Russische Offensive im Donbass und die Position der Ukraine
Prof. Żęgota merkt an, dass die Fortschritte der russischen Armee an der Front Putins Verhandlungsposition stärken und ihm Argumente liefern, die Bedingungen zu diktieren. Im Januar eroberten die Russen trotz erheblicher Verluste die Städte Wełyka Nowosiłka und Kurachowe.
- Langsam, aber dennoch machen sie Fortschritte an der Front. Das bildet meiner Überzeugung nach die Basis für Wladimir Putins Verhandlungen. Im Falle einer Ablehnung oder Schwierigkeiten könnte Russland entscheiden, den Krieg fortzusetzen. Aus ihrer Perspektive wird sich die Front in einem halben Jahr weiter verschieben, so Prof. Żęgota weiter.
Er erinnert daran, dass Putins russische Bedingungen im November und Dezember 2021 formuliert wurden. Diese lauteten: neutraler Status der Ukraine, aber gleichzeitig der Abzug der militärischen Infrastruktur der NATO aus den Ländern Mittel- und Osteuropas. Żęgota ist der Meinung, dass die US-Administration das Gleichgewicht zwischen einem rationalen Ansatz zu Gesprächen und einem Element der Unvorhersehbarkeit in Trumps Reaktionen wahren sollte.
- Sollte Donald Trump gleich zu Beginn der Verhandlungen gedemütigt werden oder die russische Seite versuchen, ihm überzogene Bedingungen aufzuzwingen, könnte er sich zu Maßnahmen und Unterstützung für die Ukraine entschließen, die wir nicht vorhersehen könnten - urteilt der Wissenschaftler und Experte für russische Angelegenheiten. Trump betrachtet Politik aus geschäftlicher Sicht, und als Geschäftsmann akzeptiert er keine Niederlagen, keinerlei unterlassene Leistungen, betont er.
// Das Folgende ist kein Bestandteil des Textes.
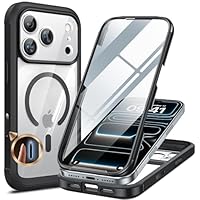 Miracase 360 Grad für iPhone 17 Pro Hülle mit Magsafe, Eingebaut Glas Schutzfolie, Komplettschutz HandyHülle Magnetisch Stoßfest Case für iPhone 17 Pro Schutzhüllen 6,3 Zoll,Schwarz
Verhandlungen über den Krieg in der Ukraine: Erste Schritte
Am Dienstag und Mittwoch tauchten Berichte über den Beginn von Verhandlungen zur Beendigung des Krieges in der Ukraine auf. US-Präsident Donald Trump übte seit seinem Amtsantritt am 20. Januar Druck auf beide Seiten aus, um ein Ende der Kämpfe zu fordern, drohte mit einer Verschärfung der Sanktionen gegen Russland und behauptete, dass Selenskyj bereit sei, über eine Vereinbarung zu verhandeln.
Unterdessen sagte Wladimir Putin in einem Interview mit dem russischen Staatsfernsehen, dass der Krieg in der Ukraine "innerhalb von zwei Monaten" enden würde, wenn Kiew keine militärische Unterstützung von westlichen Verbündeten erhielte. "Sie werden nicht existieren, sie werden nicht einen Monat überleben, wenn Gelder und Munition aufgebraucht sind. Alles wird in anderthalb oder zwei Monaten enden," sagte Putin.
Dies weist auf das Thema der Aussetzung der US-amerikanischen Auslandshilfsprogramme durch Donald Trump hin. Wie berichtet wurde, haben die USA die militärische Hilfe für die Ukraine jedoch nicht ausgesetzt.
Laut einigen Analysten sucht der Kreml erneut nach einem Vorwand, um nicht an den Verhandlungstisch zu kommen. Was Russland tut, sind erst die ersten Schritte in Richtung der Ukraine. Putin versucht Zeit zu gewinnen und spielt auf Zeit, wissend, dass er ohnehin bald eine Vereinbarung treffen muss, kommentiert Dr. Wojciech Siegień, Experte für die Analyse russischer Propaganda und Autor des Podcasts "Blok wschodni" im Krytyka Polityczna-Service, für WP.
- Drei Jahre Krieg haben sie an die Spitze der Liste der Länder mit Sanktionen gesetzt. Der Kreml ist sich bewusst, dass bei einer Einstellung der Kriegshandlungen und einem Mangel an militärischen Bestellungen eine Wirtschaftskrise von katastrophalem Ausmaß droht. Eine Welle sozialer Unruhen könnte durch die Spannung des Krieges in der Gesellschaft ausgelöst werden. Was soll man mit einer Million Menschen machen, die bisher in den Krieg involviert waren? - fasst er zusammen.